Instructions to follow — Across the records that follow, determine how many lines contain "Tachometer" and give only the resulting number.

Extracted records —

=== Section Start ===

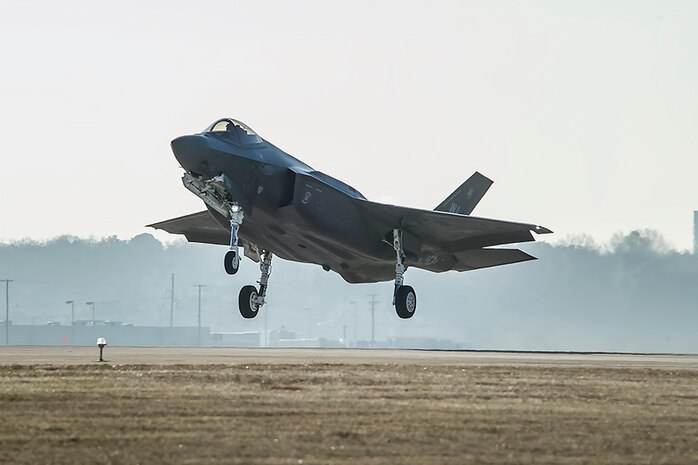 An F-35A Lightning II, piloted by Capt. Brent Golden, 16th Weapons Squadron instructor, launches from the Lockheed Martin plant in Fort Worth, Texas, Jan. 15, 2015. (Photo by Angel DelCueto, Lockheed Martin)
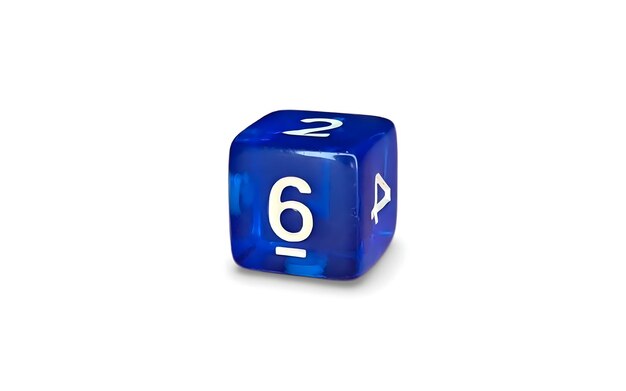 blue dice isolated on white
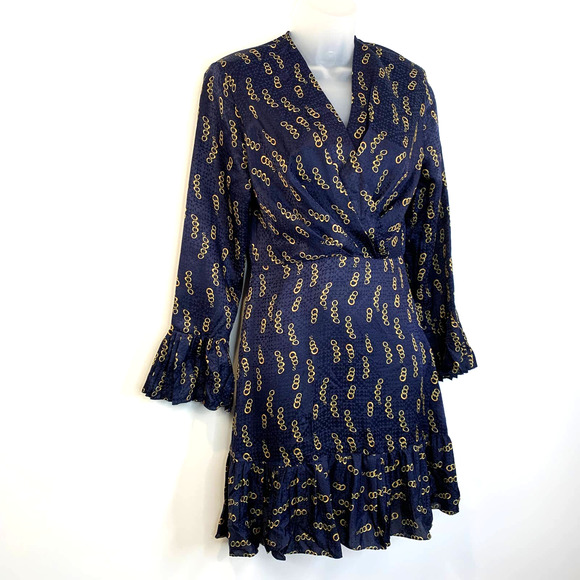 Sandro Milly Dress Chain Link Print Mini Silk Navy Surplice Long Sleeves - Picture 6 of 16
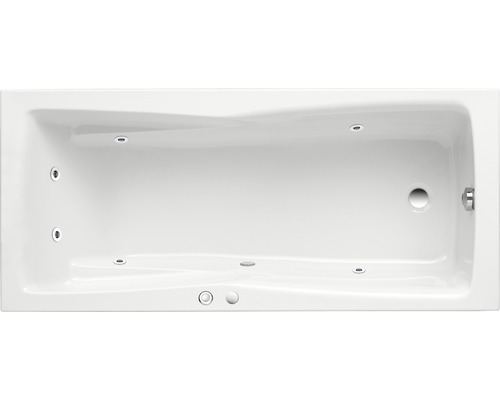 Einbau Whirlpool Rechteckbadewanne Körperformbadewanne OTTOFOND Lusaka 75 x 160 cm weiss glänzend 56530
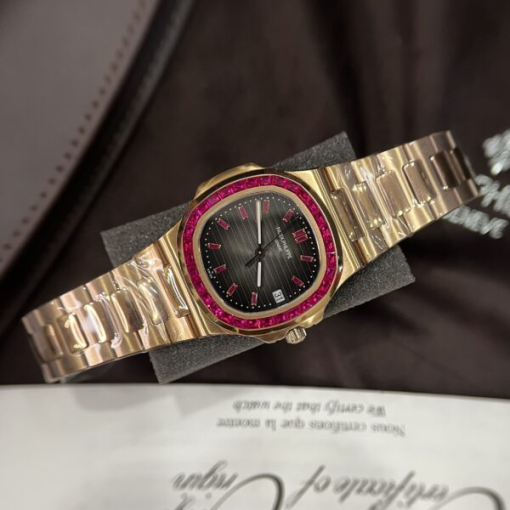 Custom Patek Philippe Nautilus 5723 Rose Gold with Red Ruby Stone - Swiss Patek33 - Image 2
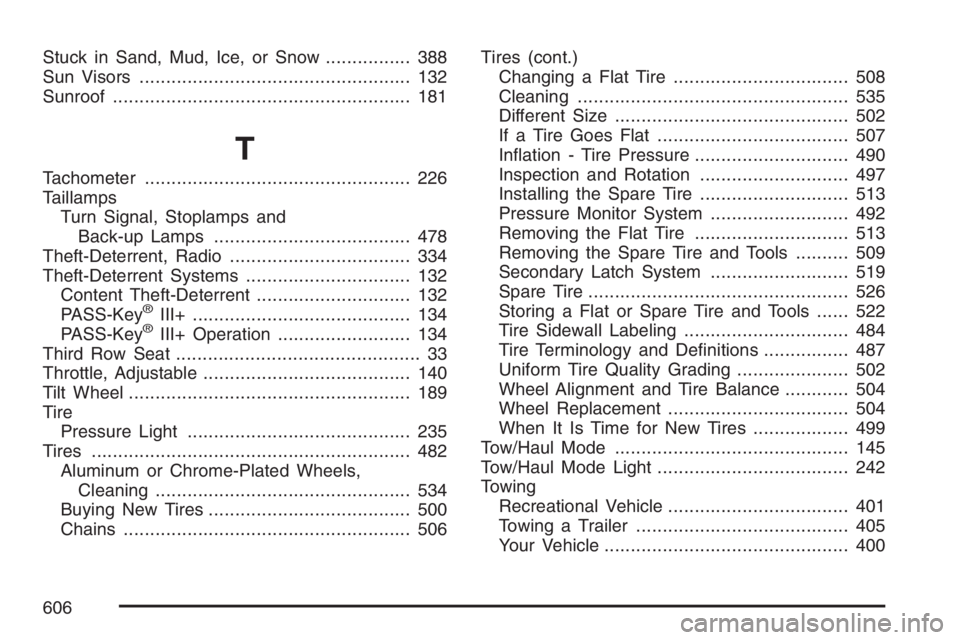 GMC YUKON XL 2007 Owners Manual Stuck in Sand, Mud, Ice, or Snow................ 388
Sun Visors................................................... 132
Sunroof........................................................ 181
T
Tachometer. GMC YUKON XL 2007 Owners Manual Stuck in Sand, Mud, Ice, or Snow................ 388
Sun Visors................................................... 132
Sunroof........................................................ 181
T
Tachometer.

=== Section End ===
=== Section Start ===

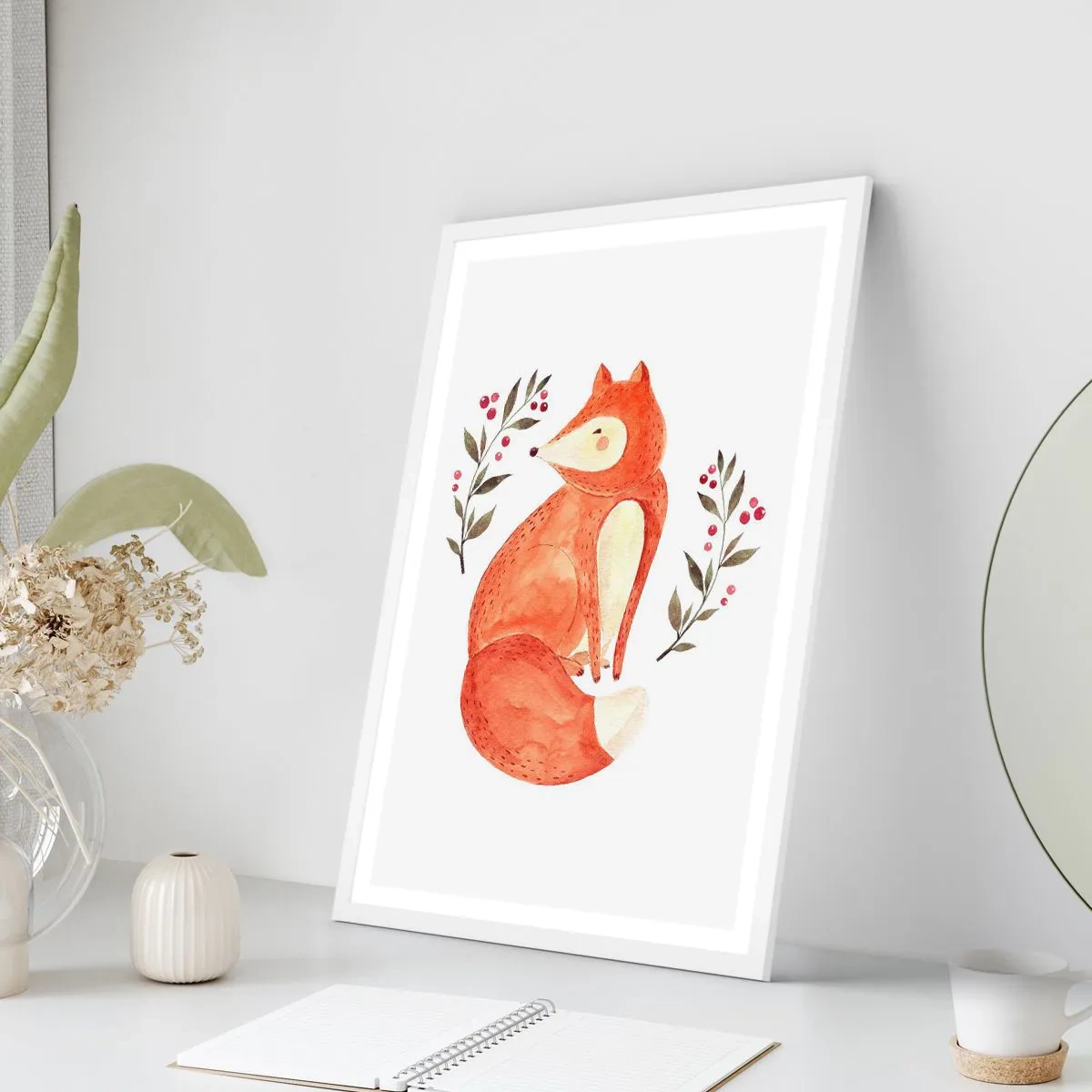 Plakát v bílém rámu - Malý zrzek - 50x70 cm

=== Section End ===

Exercise output — 2